From: Kim Barrett (kab_at_[hidden])
Date: 2006-01-12 15:49:55
At 9:17 AM -0600 1/12/06, Chris Cleeland wrote:
>On Fri, 13 Jan 2006, Christopher Kohlhoff wrote:
> > - Does unsigned char always imply 0..255?
>Good question; I know that sizeof(char) == sizeof(unsigned char) == 1, but I
>don't know that it's guarantee anywhere that something that has a sizeof==1
>is exactly 8 bits.
>That said, I can't think of any implementation anywhere that I've encountered
>otherwise, including some pretty arcane old hardware architectures. As you
>somewhat imply, porting code that deals in octets to such an architecture
>would be pretty difficult, to say the least.

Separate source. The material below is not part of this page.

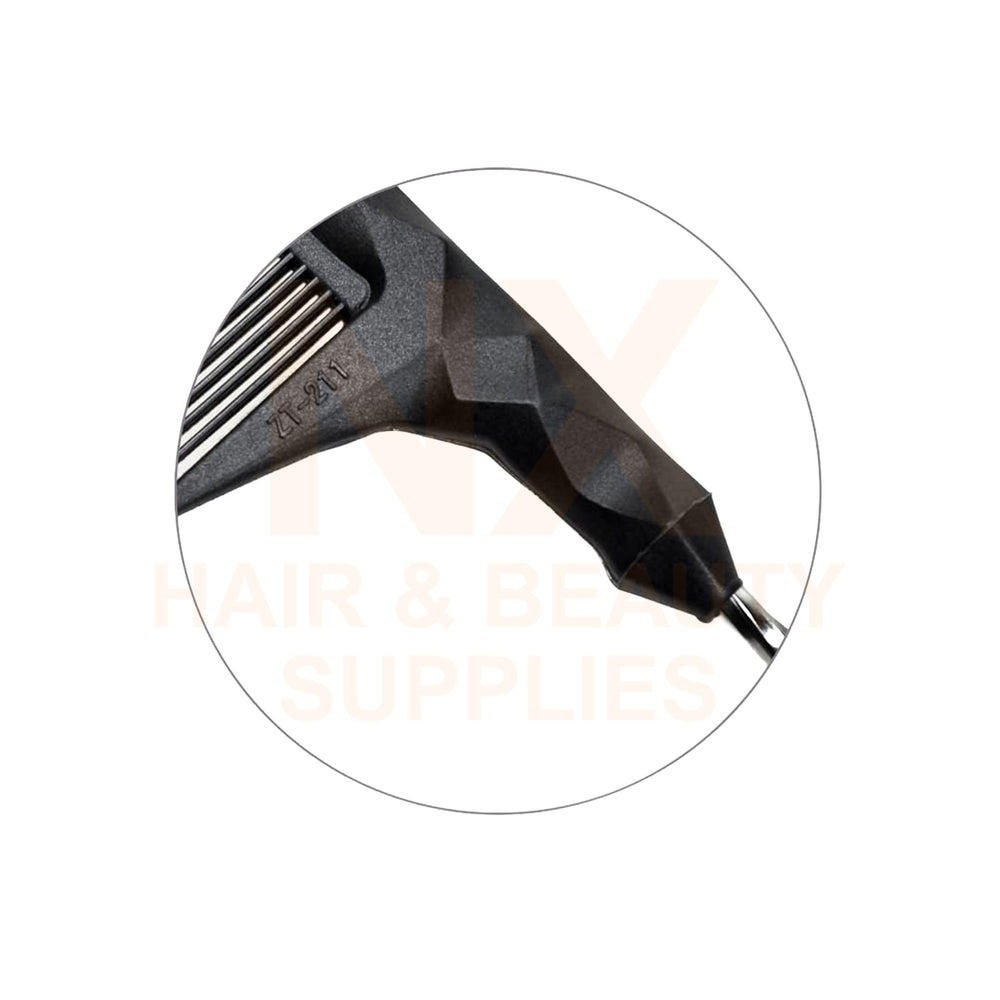 Faweio Diamond Metal Tail Comb SZT–211–A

No, CHAR_BIT is only required to be *at least* 8. It is pretty common for
DSP platforms to have char, short, and int all be of the same size
(either 16 or 32 bits, or perhaps even 64 bits for some these days,
depending on the specific model of DSP). This is all driven by a
combination of the smallest addressable unit and the native data unit
(i.e. register) size. General purpose processors have pretty much settled
on 8 bit addressable units (there used to be others, I'm pretty sure I
remember 9, and I think 12), but the DSP world is quite different (though
powers of 2 seem to have won there too).